A/N: Self-harm included. Some assembly required. :P
Delusion
by purplewowies
"Would it make you feel better to watch me while I bleed?" - Demi Lovato, Skyscraper
Cody sat in his room thinking about the day.
It was the same as all the others.
No one hung around with him. No one cared about him. Nobody liked having him around.
Nobody wanted him.
He thought about what his brother had said earlier that morning.
"Why don't you jump off the deck and find out?"
If only he knew just how much Cody thought about doing that almost every day, maybe he wouldn't have said that.
Zack never cared how Cody felt.
To him, Cody was the sister he never wanted. The nerdy one. His clone who had no personality.
He was not a person, but an object to be ridiculed. Something his brother could criticize and cut to his every whim.
Cut.
Zack didn't know about that, either.
It probably helped that Cody didn't do it in places where anyone could see. Wrists were for recreational cutters, the kind who were inexperienced, or those who did it to get attention.

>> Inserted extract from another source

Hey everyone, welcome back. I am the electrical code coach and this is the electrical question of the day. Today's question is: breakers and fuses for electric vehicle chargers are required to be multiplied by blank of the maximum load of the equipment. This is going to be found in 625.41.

He was more serious. He would never dream of cutting his wrists. Or anywhere else not covered by some sort of clothing.
No, he cut in hidden places, namely his upper legs.
And he did it in the bathroom. With the door locked. In the middle of the night. And afterward, he meticulously scrubbed the bathroom until it was sparkling. Even one drop of blood could let someone in on the secret.

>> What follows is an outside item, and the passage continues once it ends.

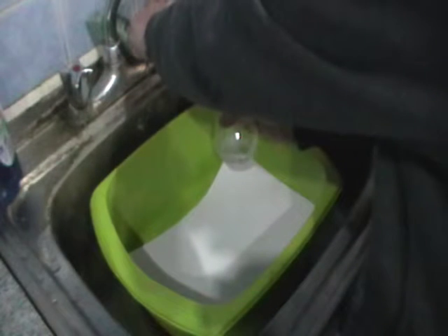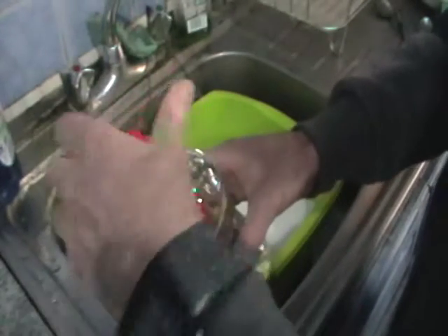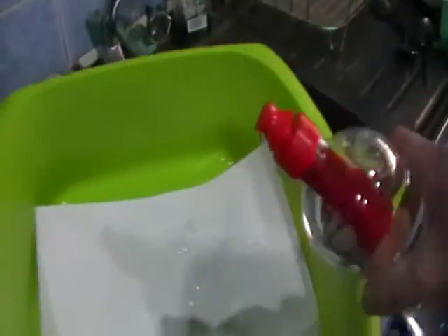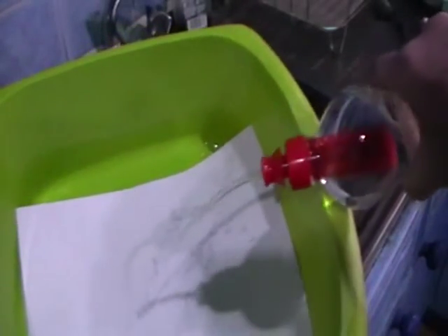I'll just fill it up like that, and now I'll make sure you can see the carbon here. You should see now whether it comes out. It's all clear at the moment, and this is the third bottle.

He didn't want anyone to know.
Not that anyone looked at him long enough to be able to see scars anyway.
And he was experienced, too. He knew precisely when a cut became dangerous, and he never took it that far.
He had tried to stop cutting for a while.
He had worn a rubber band on his wrist.
He said he snapped it when he thought about Bailey.
But that was a lie. (He had managed to get rid of that annoying nose twitch, so no one knew.)
In reality, he was snapping it when he thought about himself.
And how pathetic
and worthless
he was.
How he hadn't deserved Bailey.
And at the end of the day, snapping his wrist hadn't been enough.
So he had given the rubber band to Zack and gone back to cutting.
But at the end of the week, cutting was never enough, either.
But he couldn't bring himself to do more harmful things like burning or choking himself.
So he turned to suicidal thoughts.
He planned it out several times. He knew exactly what he would do right down to the letter (though he blamed this more on his obsession with perfection than anything else).
He thought up methods where he felt no pain.
And when he was feeling particularly sadistic, he thought up methods where he felt a lot of pain.
Because he deserved to.
And he would inch closer
and closer
and closer to doing it.
Then, one day,
his entire life would change.
He felt better about himself. People cared about him.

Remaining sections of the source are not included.